Memcached, Locking and Race Conditions

Micael picture Micael · Oct 22, 2009 · Viewed 20.2k times · Source

We are trying to update memcached objects when we write to the database to avoid having to read them from database after inserts/updates.

For our forum post object we have a ViewCount field containing the number of times a post is viewed.

We are afraid that we are introducing a race condition by updating the memcached object, as the same post could be viewed at the same time on another server in the farm.

Any idea how to deal with these kind of issues - it would seem that some sort of locking is needed but how to do it reliably across servers in a farm?

Answer

Nathan picture Nathan · Oct 22, 2009

If you're dealing with data that doesn't necessarily need to be updated realtime, and to me the view count is one of them, then you could add an expires field to the objects that are stored in memcache.

Once that expiration happens, it'll go back to the database and read the new value, but until then it will leave it alone.

Of course for new posts you may want this updated more often, but you can code for this.

Memcache only stores one copy of your object in one of its instances, not in many of them, so I wouldn't worry about object locking or anything. That is for the database to handle, not your cache.

Edit:

Memcache offers no guarantee that when you're getting and setting from varied servers that your data won't get clobbered.

From memcache docs:

  • A series of commands is not atomic. If you issue a 'get' against an item, operate on the data, then wish to 'set' it back into memcached, you are not guaranteed to be the only process working on that value. In parallel, you could end up overwriting a value set by something else.

Race conditions and stale data

One thing to keep in mind as you design your application to cache data, is how to deal with race conditions and occasional stale data.

Say you cache the latest five comments for display on a sidebar in your application.

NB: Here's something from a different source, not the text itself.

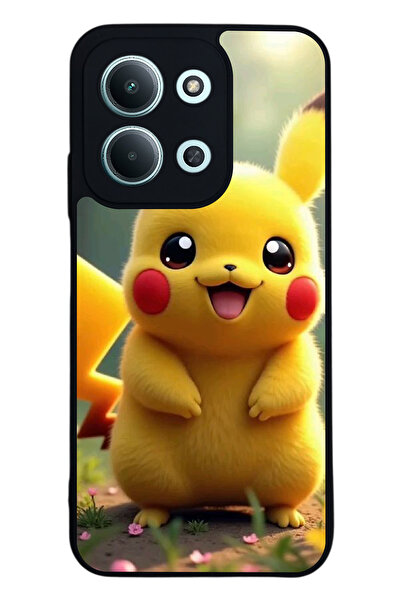 Aksel Kılıf متوافق مع Xiaomi Redmi 15C مطبوع ، أسود غير لامع، سيليكون ناعم، و...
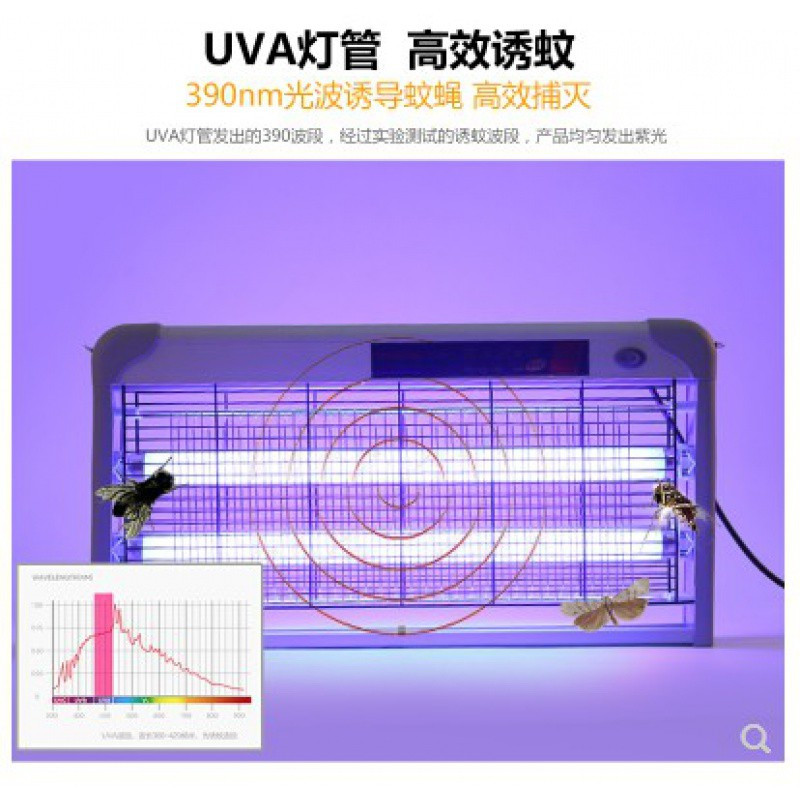 led电击式灭蚊灯灭蚊神器家用商用静音驱蚊灭蝇无辐射餐厅捕蚊器 三维工匠 40W萤管款灭蝇灯+送2只灯管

You decide that the data only needs to be refreshed once per minute. However, you neglect to remember that this sidebar display is renderred 50 times per second! Thus, once 60 seconds rolls around and the cache expires, suddenly 10+ processes are running the same SQL query to repopulate that cache. Every time the cache expires, a sudden burst of SQL traffic will result.

Worse yet, you have multiple processes updating the same data, and the wrong one ends up dating the cache. Then you have stale, outdated data floating about.

One should be mindful about possible issues in populating or repopulating our cache. Remember that the process of checking memcached, fetching SQL, and storing into memcached, is not atomic at all!